Mind you, we’re still talking about the best team in Europe, the undisputed queens of Spain, the rightful favorites to repeat as Champions League winners. Aitana Bonmatí is still a superstar. Patri Guijarro and Keira Walsh are still amazing, and those two plus Aitana (and that’s before getting to rotation options like Clàudia Pina and Vicky López and, oh yeah, Alexia freaking Putellas!) still make for a genuinely godly midfield. Summer addition Ona Batlle is now the best full back in the world. Salma Paralluelo has exploded. And what makes even this slightly less exceptional Barça team so awesomely terrifying to play against is that none of those players, nor any other player on the planet, can compete with what Caroline Graham Hansen is doing this season.

Hansen’s stats alone are staggering. Through 30 games in all competitions, the Norwegian winger has 26 goals and 25 assists. That’s more than 50 direct involvements in goals, with a couple more months of soccer to play! That’s almost a goal and an assist every single time she steps on the pitch! Never has the phrase “video game numbers” been more applicable. You don’t even really need to know or care about any of the stats in the following image, just the sheer number of them that she’s in the elite of the elite in tells the story well enough:

For years now Hansen has been the sport’s most destabilizing winger, a legitimately unstoppable dribbler who boasts quickness, a lightning first step, a magnetic close control, and an immediate and omnidirectional ability to change directions as if the concept of momentum were, for her, a mere suggestion. Everything in her game is built around that dribbling ability, but along with it she’s always had a keen eye for a pass, a fantastic cross, and a hard and accurate shot from distance, which have made her a consistent source of goals and a lethal assister. The only things keeping her from more acclaim for her talent have been a couple big injuries, the large shadows of Alexia and Aitana at club level, and Norway’s puzzling penchant for underperforming on the international stage.

But any over-shadowing or under-appreciation no longer applies, not in light of what she’s doing this season. Hansen has brought a new determination to look for goal herself this campaign, trying more often to come inside to shoot rather than always staying wide and looking for crosses and cut-backs the way she’s traditionally liked to play. The tweak has unleashed her. That flood of goals and assists, her still unstoppable dribbling, and her status as the best player on the game’s best and most iconic team, make her without question the star of the season in women’s soccer.

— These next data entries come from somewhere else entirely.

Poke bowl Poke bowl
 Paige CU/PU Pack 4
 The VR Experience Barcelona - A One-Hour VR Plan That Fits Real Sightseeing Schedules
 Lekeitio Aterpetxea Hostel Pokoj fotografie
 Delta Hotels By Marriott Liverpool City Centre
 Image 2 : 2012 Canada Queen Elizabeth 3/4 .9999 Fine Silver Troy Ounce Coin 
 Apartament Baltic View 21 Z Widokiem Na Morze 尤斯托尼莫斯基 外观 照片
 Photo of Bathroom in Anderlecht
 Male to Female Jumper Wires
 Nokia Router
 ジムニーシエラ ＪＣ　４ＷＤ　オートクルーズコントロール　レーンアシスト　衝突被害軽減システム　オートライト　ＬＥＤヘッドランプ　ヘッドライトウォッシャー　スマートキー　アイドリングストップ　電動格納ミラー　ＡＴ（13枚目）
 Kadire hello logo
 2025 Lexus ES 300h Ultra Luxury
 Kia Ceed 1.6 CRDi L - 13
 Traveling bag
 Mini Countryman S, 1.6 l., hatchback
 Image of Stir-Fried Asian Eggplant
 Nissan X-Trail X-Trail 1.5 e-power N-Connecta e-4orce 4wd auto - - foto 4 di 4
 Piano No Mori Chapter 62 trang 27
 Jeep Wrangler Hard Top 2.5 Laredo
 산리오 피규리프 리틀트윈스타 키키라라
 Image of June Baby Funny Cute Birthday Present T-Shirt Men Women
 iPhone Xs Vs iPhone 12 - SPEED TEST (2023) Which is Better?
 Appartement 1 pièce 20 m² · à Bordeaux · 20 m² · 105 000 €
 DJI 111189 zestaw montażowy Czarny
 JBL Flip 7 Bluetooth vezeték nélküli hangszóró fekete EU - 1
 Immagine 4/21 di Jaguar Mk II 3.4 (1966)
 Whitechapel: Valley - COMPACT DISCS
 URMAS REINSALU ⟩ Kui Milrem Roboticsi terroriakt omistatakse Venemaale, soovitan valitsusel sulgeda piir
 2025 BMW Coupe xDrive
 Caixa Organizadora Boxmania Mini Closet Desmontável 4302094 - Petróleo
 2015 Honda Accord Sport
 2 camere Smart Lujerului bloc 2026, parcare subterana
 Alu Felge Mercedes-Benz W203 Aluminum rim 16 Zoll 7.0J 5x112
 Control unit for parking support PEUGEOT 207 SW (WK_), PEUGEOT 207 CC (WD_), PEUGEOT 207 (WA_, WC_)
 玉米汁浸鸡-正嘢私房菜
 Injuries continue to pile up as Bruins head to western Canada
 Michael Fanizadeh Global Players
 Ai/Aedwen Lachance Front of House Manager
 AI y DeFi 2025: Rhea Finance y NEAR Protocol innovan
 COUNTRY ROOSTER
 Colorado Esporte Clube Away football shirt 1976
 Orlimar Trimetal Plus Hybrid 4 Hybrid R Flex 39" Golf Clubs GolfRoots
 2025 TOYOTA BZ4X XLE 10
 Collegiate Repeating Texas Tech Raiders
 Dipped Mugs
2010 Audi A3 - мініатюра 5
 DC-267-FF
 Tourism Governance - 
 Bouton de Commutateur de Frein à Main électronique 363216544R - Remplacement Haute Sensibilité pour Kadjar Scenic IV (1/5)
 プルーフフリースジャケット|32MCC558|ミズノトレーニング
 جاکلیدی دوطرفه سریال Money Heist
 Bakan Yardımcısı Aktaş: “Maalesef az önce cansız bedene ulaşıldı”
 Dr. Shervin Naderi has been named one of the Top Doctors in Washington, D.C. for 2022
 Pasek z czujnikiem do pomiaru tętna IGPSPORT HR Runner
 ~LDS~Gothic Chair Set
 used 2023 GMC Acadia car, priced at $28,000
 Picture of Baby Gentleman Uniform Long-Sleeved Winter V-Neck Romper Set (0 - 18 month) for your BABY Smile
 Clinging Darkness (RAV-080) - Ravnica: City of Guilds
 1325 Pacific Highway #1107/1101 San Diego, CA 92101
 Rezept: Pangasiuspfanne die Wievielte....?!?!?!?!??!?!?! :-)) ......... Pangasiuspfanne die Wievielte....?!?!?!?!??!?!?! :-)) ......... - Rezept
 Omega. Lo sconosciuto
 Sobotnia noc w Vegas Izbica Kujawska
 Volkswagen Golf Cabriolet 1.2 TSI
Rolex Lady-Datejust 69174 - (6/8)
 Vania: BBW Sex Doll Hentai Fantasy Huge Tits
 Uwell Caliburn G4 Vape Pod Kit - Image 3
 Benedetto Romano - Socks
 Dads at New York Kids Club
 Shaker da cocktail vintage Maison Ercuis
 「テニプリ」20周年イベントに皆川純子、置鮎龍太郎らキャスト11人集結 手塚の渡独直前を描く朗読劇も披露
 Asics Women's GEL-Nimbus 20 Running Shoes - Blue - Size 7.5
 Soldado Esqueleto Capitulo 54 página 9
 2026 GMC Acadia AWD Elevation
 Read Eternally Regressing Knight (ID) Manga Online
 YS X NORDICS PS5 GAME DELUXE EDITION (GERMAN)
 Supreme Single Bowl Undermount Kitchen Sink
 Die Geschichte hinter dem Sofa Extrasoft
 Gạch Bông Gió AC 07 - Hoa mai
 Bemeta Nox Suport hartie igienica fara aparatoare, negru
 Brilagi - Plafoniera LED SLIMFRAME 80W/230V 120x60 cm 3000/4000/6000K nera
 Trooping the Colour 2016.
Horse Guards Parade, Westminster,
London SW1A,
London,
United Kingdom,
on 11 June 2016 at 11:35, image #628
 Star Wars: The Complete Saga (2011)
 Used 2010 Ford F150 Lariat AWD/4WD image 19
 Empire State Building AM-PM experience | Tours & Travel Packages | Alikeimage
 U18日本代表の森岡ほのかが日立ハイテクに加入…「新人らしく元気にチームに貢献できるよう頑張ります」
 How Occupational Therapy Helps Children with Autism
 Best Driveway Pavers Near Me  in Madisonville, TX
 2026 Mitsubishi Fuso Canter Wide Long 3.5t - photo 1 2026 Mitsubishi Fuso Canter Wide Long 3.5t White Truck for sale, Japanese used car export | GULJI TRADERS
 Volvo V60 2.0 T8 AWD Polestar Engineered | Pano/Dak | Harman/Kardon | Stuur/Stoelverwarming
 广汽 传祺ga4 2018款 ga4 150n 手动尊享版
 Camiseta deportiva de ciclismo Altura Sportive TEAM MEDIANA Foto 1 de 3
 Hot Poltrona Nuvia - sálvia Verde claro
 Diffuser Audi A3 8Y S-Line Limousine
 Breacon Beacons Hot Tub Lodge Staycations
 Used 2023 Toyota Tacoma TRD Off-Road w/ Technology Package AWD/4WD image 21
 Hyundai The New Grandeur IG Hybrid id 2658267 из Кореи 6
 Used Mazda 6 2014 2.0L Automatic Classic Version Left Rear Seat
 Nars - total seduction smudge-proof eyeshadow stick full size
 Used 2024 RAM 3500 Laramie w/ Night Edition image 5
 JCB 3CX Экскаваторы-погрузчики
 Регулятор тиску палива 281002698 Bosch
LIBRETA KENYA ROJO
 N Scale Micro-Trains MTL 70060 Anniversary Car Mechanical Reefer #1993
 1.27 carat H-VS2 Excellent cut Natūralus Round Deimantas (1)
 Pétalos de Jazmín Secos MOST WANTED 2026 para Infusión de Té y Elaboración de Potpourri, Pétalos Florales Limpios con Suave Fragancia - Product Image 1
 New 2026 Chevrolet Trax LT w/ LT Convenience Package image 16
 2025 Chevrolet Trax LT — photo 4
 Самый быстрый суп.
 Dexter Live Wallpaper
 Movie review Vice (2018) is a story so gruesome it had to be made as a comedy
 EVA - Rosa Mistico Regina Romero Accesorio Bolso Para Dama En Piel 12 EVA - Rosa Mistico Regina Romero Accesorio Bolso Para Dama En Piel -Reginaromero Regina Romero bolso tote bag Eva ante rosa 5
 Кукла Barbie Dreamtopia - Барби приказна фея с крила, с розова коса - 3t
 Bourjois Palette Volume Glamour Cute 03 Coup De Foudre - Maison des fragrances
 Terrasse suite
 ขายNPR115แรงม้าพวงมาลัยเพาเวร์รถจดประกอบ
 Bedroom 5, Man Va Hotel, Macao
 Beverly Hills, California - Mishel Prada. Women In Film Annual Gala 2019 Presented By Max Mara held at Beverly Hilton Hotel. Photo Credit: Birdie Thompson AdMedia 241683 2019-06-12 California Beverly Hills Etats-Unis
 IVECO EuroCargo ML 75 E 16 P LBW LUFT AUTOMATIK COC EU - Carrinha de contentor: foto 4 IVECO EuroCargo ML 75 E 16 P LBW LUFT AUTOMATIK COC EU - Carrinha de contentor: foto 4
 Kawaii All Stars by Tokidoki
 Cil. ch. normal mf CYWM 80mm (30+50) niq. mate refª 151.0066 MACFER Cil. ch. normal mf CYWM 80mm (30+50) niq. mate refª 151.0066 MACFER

It will be interesting to see how Hansen gets rewarded for her unbelievable play. On one hand, her already astonishing goal and assist numbers would presumably make her the early favorite for the Ballon d’Or. On the other hand, the voting for women’s soccer awards is notoriously bad, uninformed, and skewed heavily in favor of international tournaments. Even if Hansen keeps up this pace of production and Barcelona does go on to win the Champions League, it’s certainly possible that a player with a bigger name gets hot over the summer and wins the Olympics, and that player beats out Hansen, whose Norway did not qualify for the summer tournament, to the game’s most prestigious individual prize.

Either way, I doubt Hansen cares all that much, Hansen has long been overlooked, and the famously reserved player has been content to shrug off the award neglect and let her game do the talking on the pitch. Which makes sense. Out there on the grass, there is nothing louder than Hansen’s talent, and that talent has already helped make herself and her team legends. Her story is far from finished.